Life in Japan has always had a highly individual flavor. This has not meant that the Japanese have been averse to accepting influences from abroad, and indeed, for most of her history Japan has received many foreign importations—which she has invariably modified to suit her own needs—first mainly from China, and during the last hundred years from the West, more recently especially from America. However, there was one long and important period during which the opposite was true, that of the rule of the Tokugawa Shoguns, and that is the period that is the subject of this book.

A visitor from the West is constantly made aware of what seems to him a duality in Japanese life, a mixture of Western and traditional ingredients. Japan, for all the modernity of its economy and for all the impatience that many young Japanese show towards their country’s past, has nevertheless retained very much that is characteristically Japanese. Much of it—and this is true of any country that has a history—comes from the past. The political structure of this past is that which came to end in the middle of the nineteenth century, in dramatic manner, with the Meiji Restoration of 1868. It had been inaugurated in 1603, when Tokugawa Ieyasu took over the supreme power as military dictator; after a settling-down period, civil strife came to an end, and there followed more than two centuries of freedom from large- scale conflicts, and also of almost complete isolation from the outside world.

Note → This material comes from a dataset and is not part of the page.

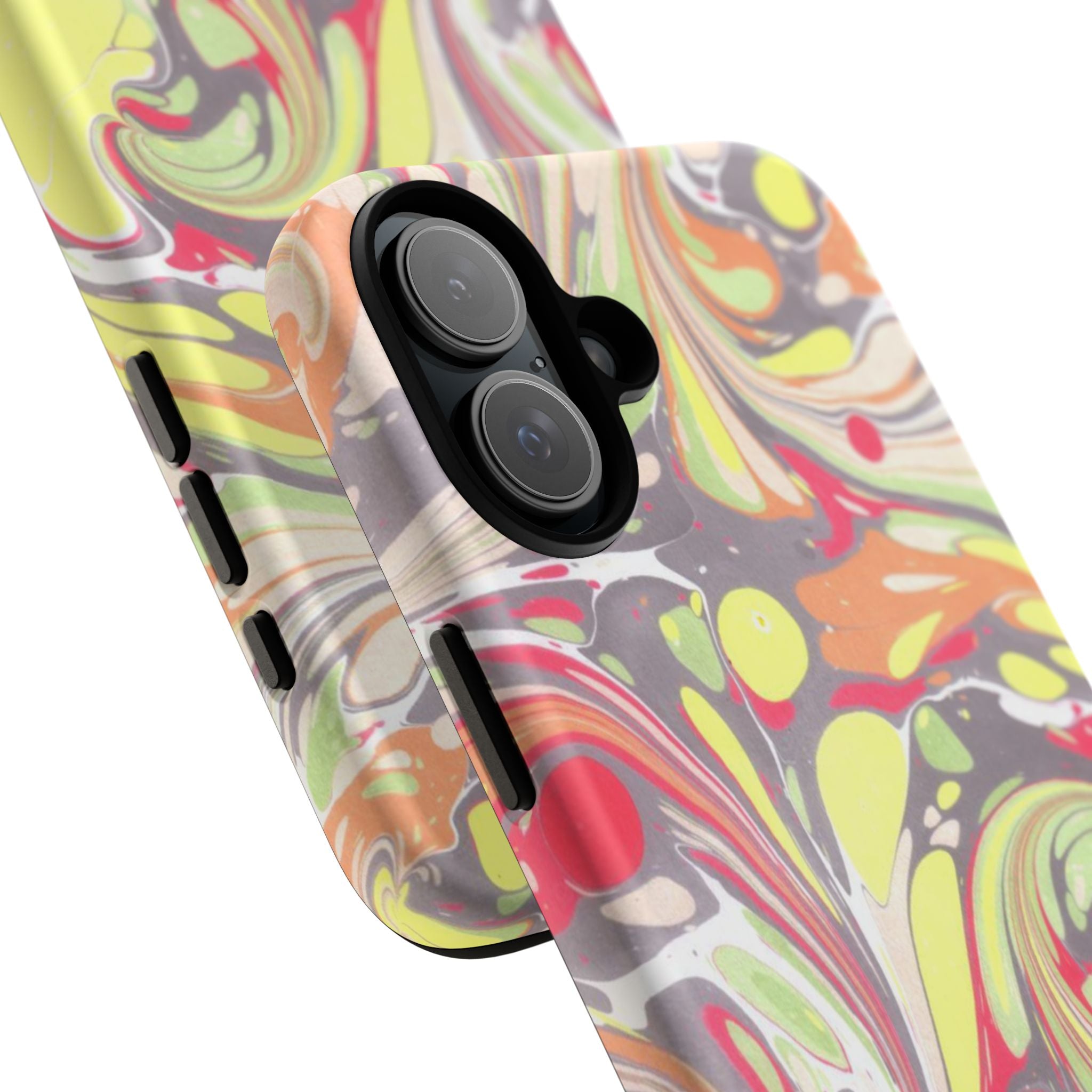 Yellow and Pink Swirl Marbled Italian Phone Case - Dual Layer - Matte or Glossy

This was a time of great stability, in which what was to be the tradition behind present-day Japan thickened and gelled, so that, although there was in fact a certain amount of development within these centuries, they present a largely consistent appearance.

We can, therefore, consider the period from about 1600 to 1850, the years of undisputed Tokugawa rule, as those of “Traditional Japan,” and the aim of this book is to give the general reader a picture of the background to living in Japan in Tokugawa times.

I wish to express my thanks to my wife, who read and typed the manuscript, and to Mr. Peter Kemmis Betty, of Batsford’s, for much help during the preparation of this book, and especially for his care in the final selection of the pictorial material. I should also like to thank Mr. L. Broderick for his splendid drawings, which have provided many illustrations that could not otherwise have been included. The reader will find other vivid pictures of life in pre-Meiji Japan in the color prints of contemporary artists such as Hiroshige and Hokusai.